*** Opening of Records provided ***

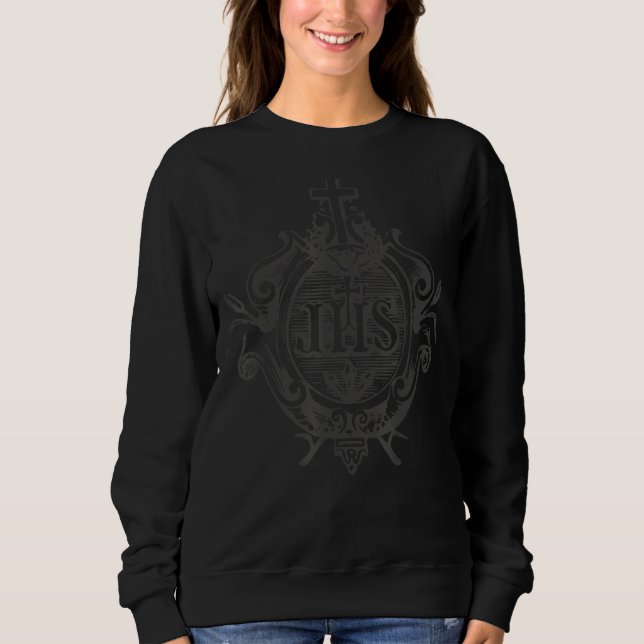 Sweatshirt IHS Cross Christogram Symbole de Jésus Chat tradit (Devant)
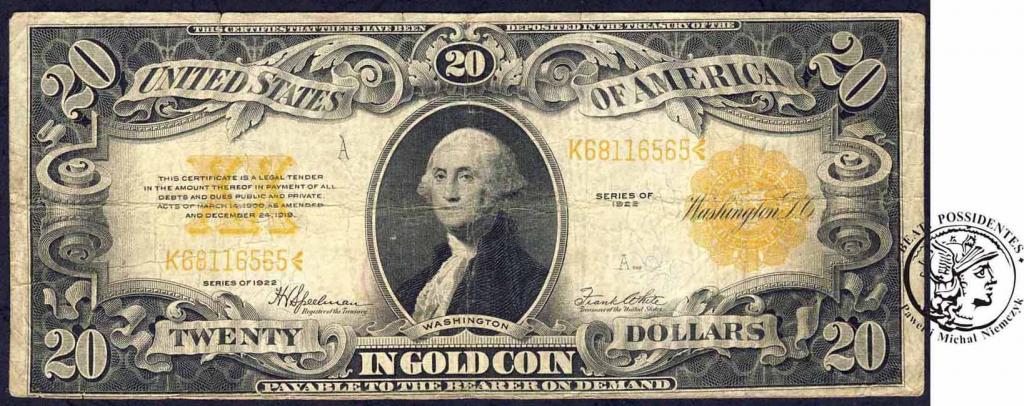 20 dolarów 1922 Gold Certificate large size st.4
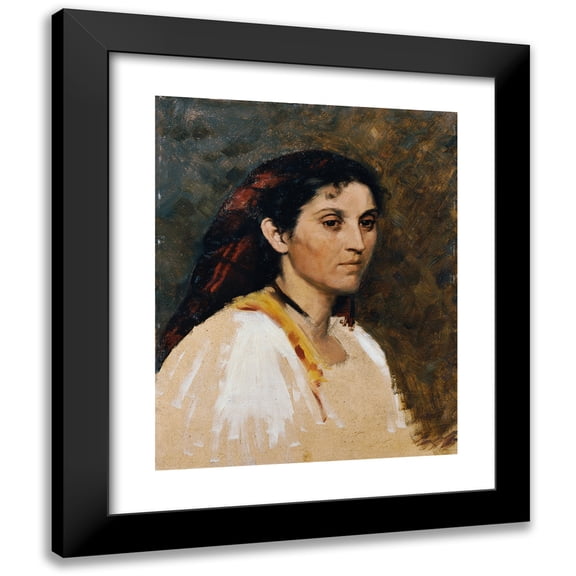 Rudolf Schick 12x14 Black Modern Framed Museum Art Print Titled - Head of a Roman Woman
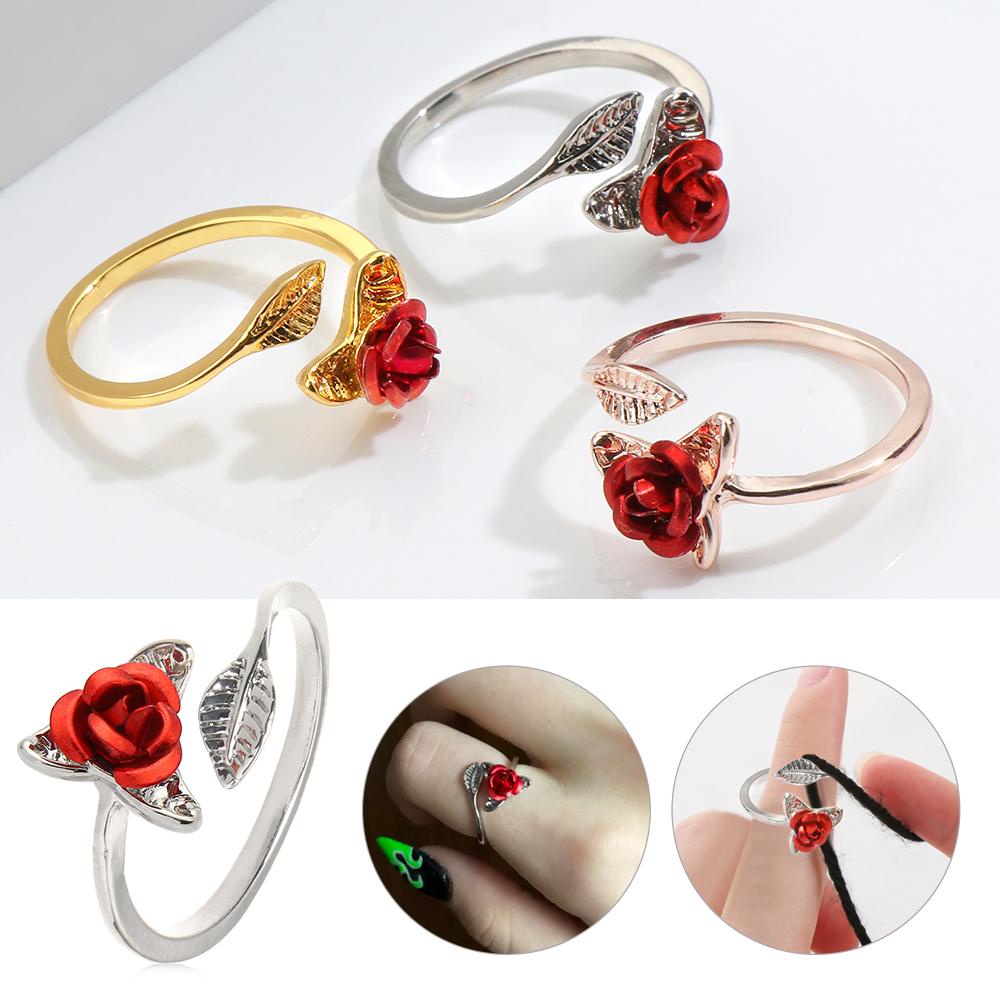 WONDER Nhẫn Hướng Dẫn Đan Len Hình Hoa Hồng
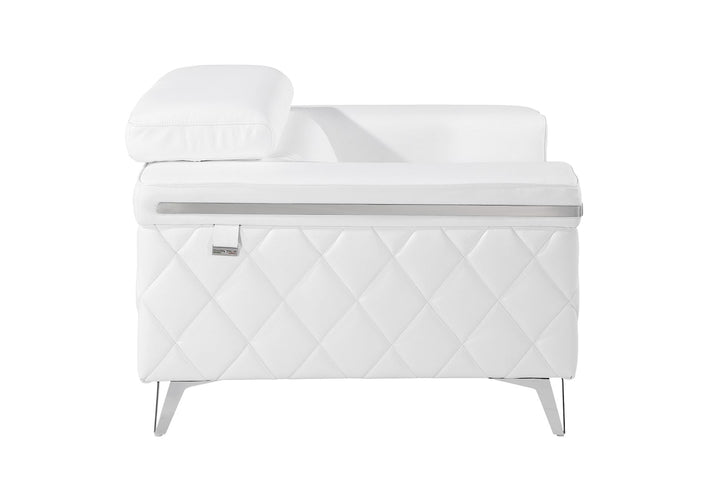 DivanItalia 1140 Chair with Adjustable Headrest in Top-Grain Italian Leather - White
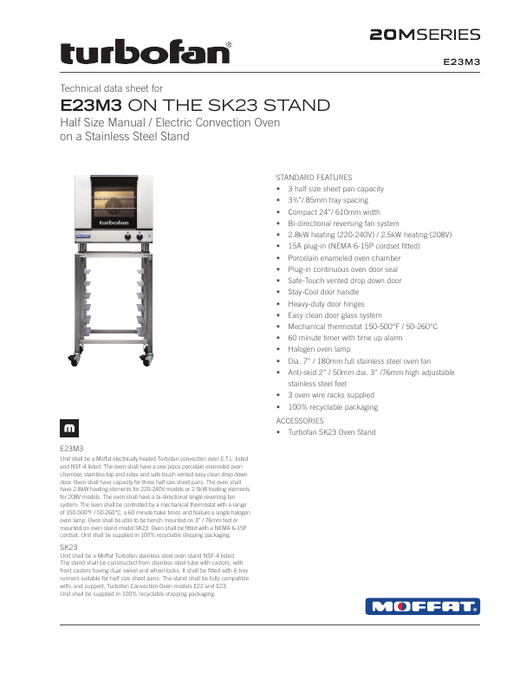 Spec Sheet (E23M3 on SK23 Stand)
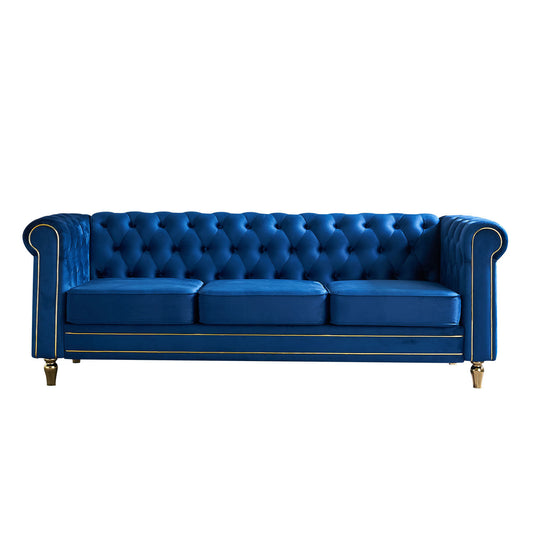 Chesterfield Velvet Sofa, Blue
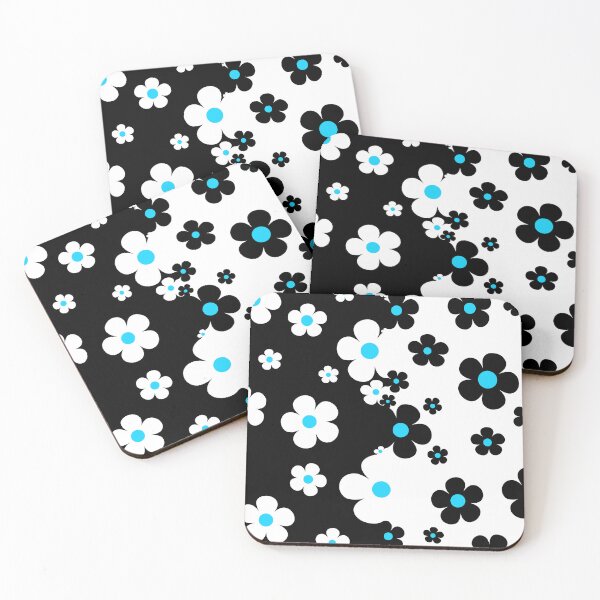 Item preview, 60's Retro Pop Small Flowers in Black and White with Blue Centers designed and sold by MellowCat.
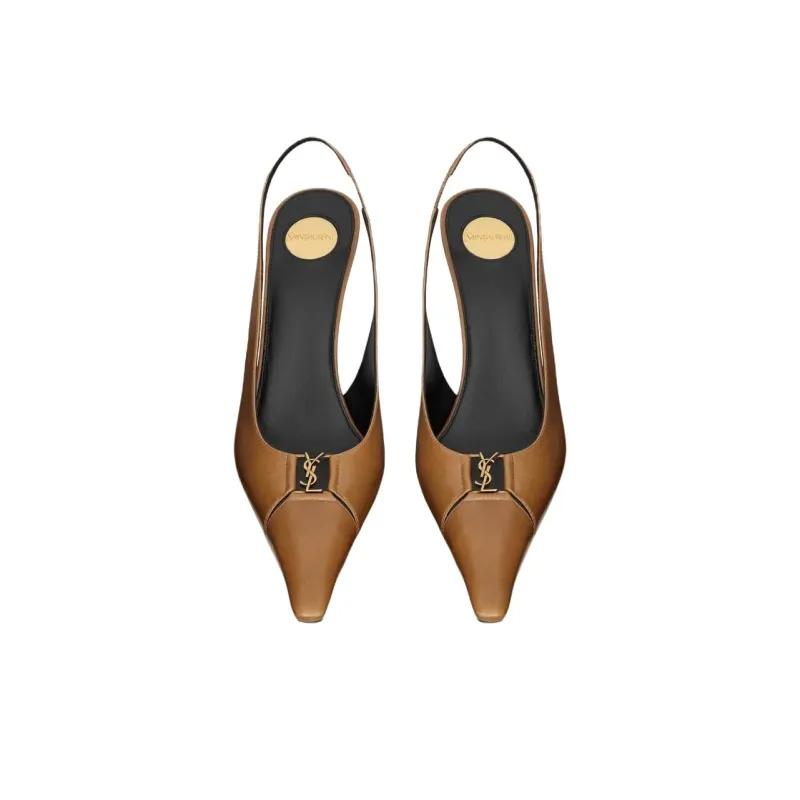 SAINT LAURENT Babylone Slim Heel High Heels 9cm Women's Brown-3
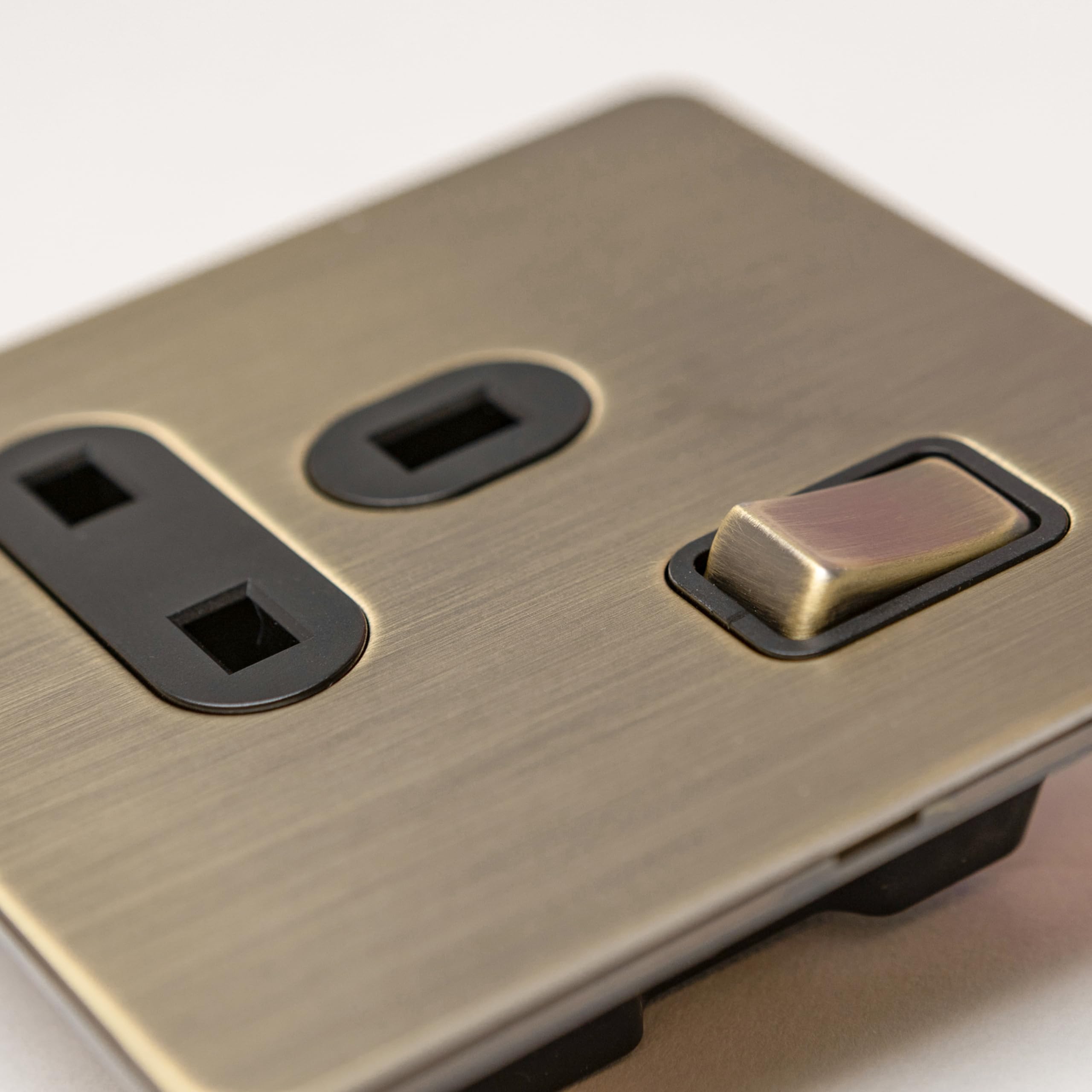 Antique Brass Straight Knurled Switches and Sockets (single 13A switched socket) — image 1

*** Close of Records provided ***

Leaving the pictures aside, output each entry above exactly as written.

 Sweatshirt IHS Cross Christogram Symbole de Jésus Chat tradit (Devant)
 20 dolarów 1922 Gold Certificate large size st.4
 Rudolf Schick 12x14 Black Modern Framed Museum Art Print Titled - Head of a Roman Woman
 WONDER Nhẫn Hướng Dẫn Đan Len Hình Hoa Hồng
 DivanItalia 1140 Chair with Adjustable Headrest in Top-Grain Italian Leather - White
 Spec Sheet (E23M3 on SK23 Stand)
 Chesterfield Velvet Sofa, Blue
 Item preview, 60's Retro Pop Small Flowers in Black and White with Blue Centers designed and sold by MellowCat.
 SAINT LAURENT Babylone Slim Heel High Heels 9cm Women's Brown-3
 Antique Brass Straight Knurled Switches and Sockets (single 13A switched socket) — image 1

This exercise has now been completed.